» **What is required**: Each line from the one containing "New with tags" to the end of the data must be copied exactly, the first and last included; no other lines and no pictures belong in the copy.

#### Material for this exercise

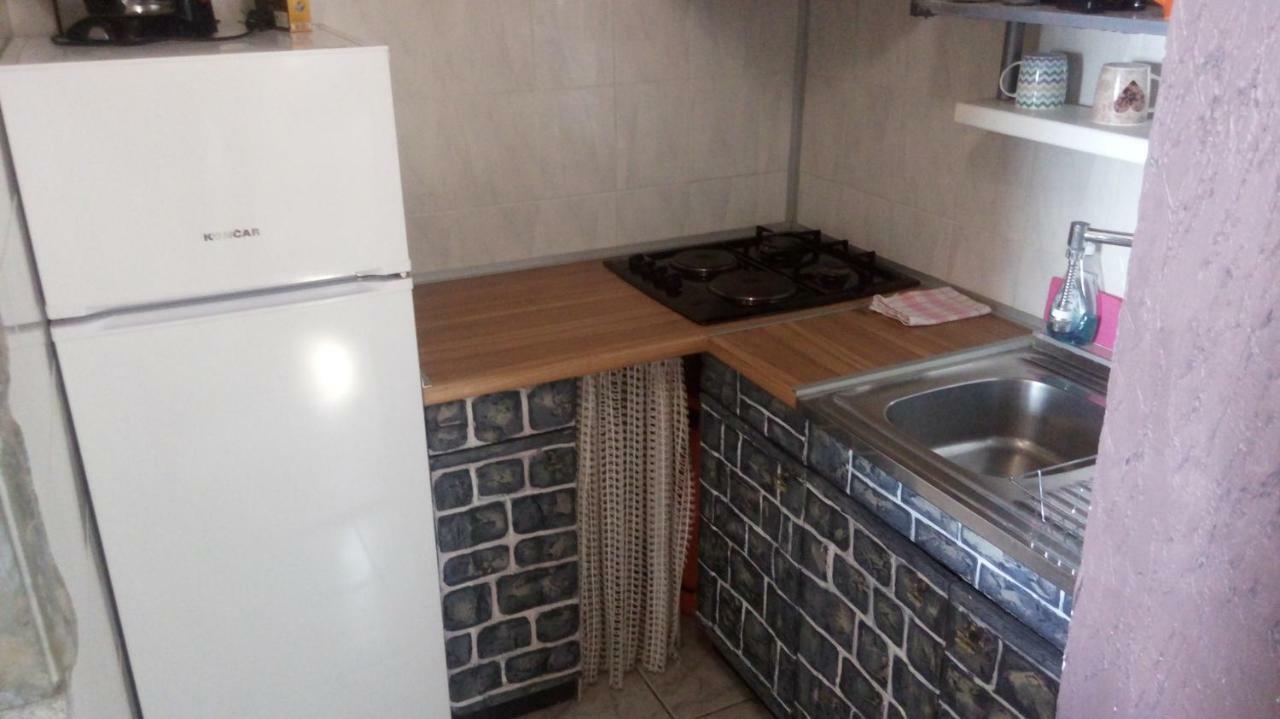 Apartmani Mira Senj  Buitenkant foto
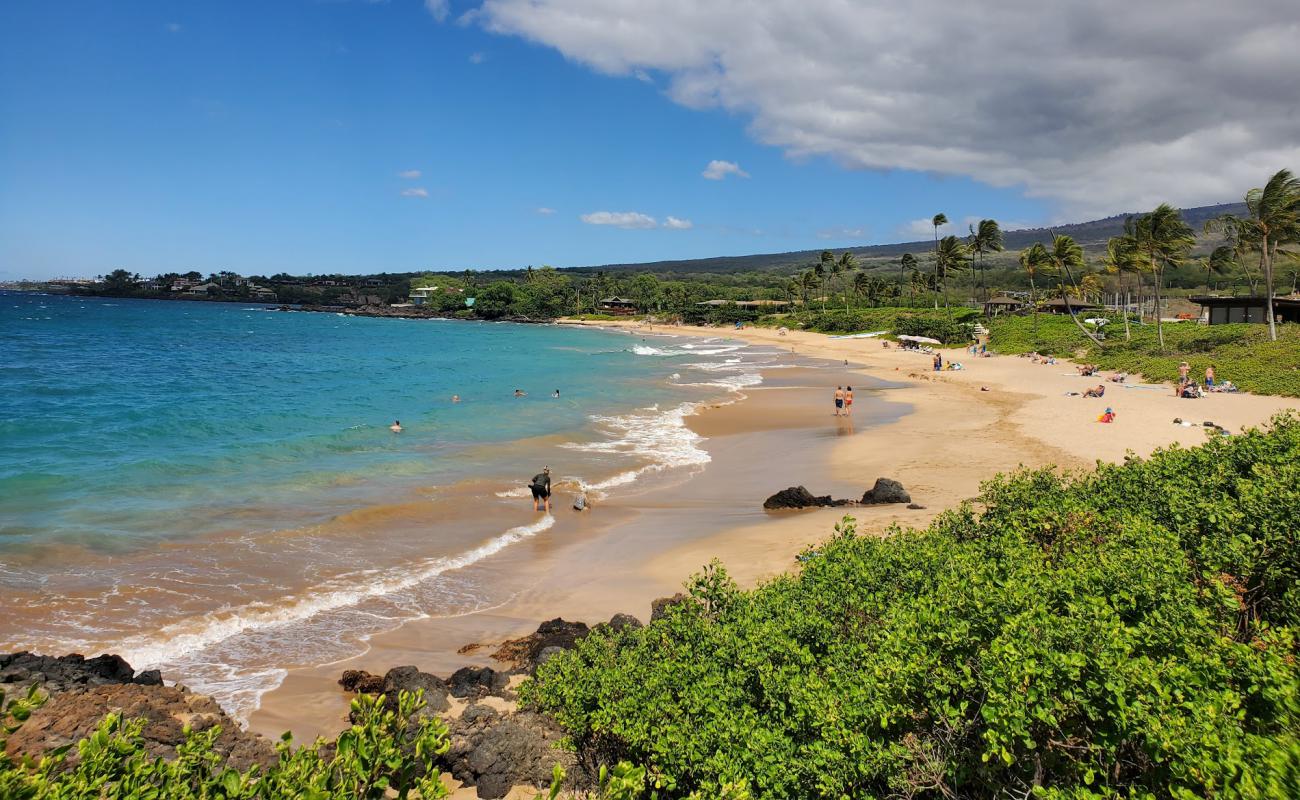 Foto de Playa Maluaka con arena brillante superficie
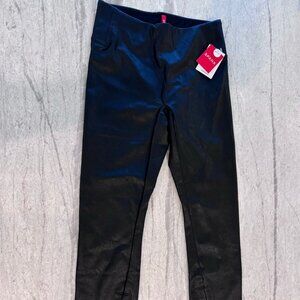 New with tags SPANX Leather-Like Front Slit Legging Luxe Black / Petite / XS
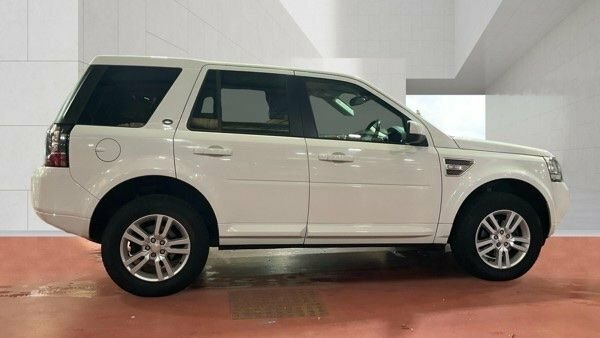 Land Rover Freelander 2 Sd4 Xs Suv White #5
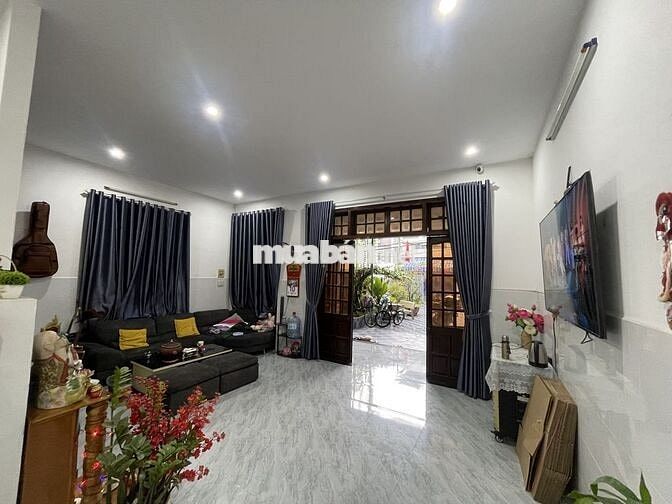 Nhà 2 tầng sân vườn rộng, kiên cố, khu dân trí cao, giá đầu tư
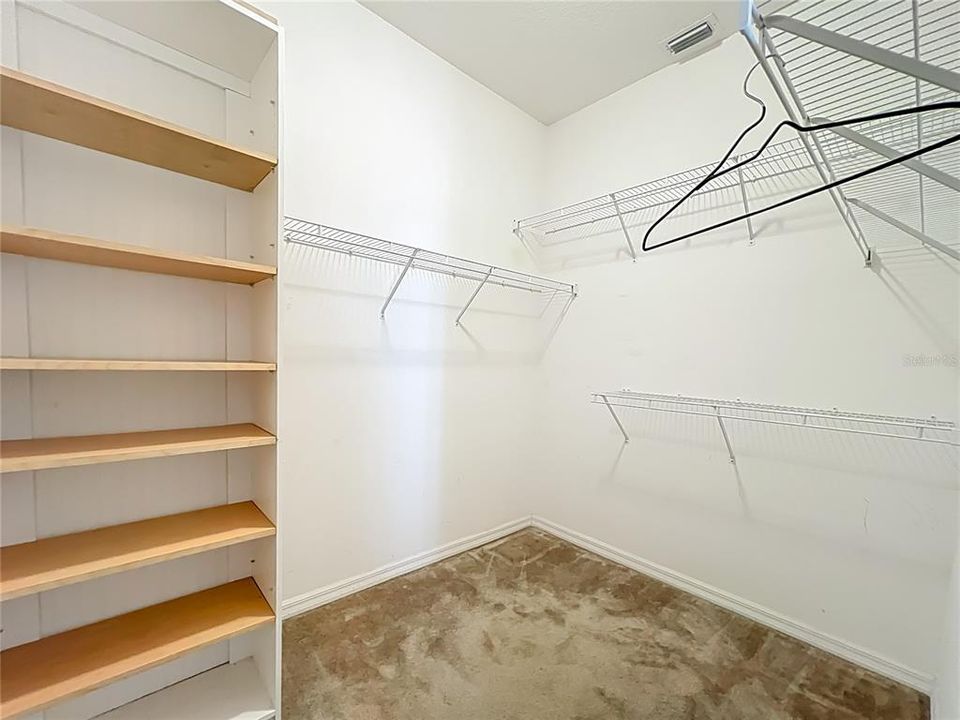 For Sale: $475,000 (4 beds, 2 baths, 2238 Square Feet)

########

» **Answer for the task**:
 New with tags SPANX Leather-Like Front Slit Legging Luxe Black / Petite / XS
 Land Rover Freelander 2 Sd4 Xs Suv White #5
 Nhà 2 tầng sân vườn rộng, kiên cố, khu dân trí cao, giá đầu tư
 For Sale: $475,000 (4 beds, 2 baths, 2238 Square Feet)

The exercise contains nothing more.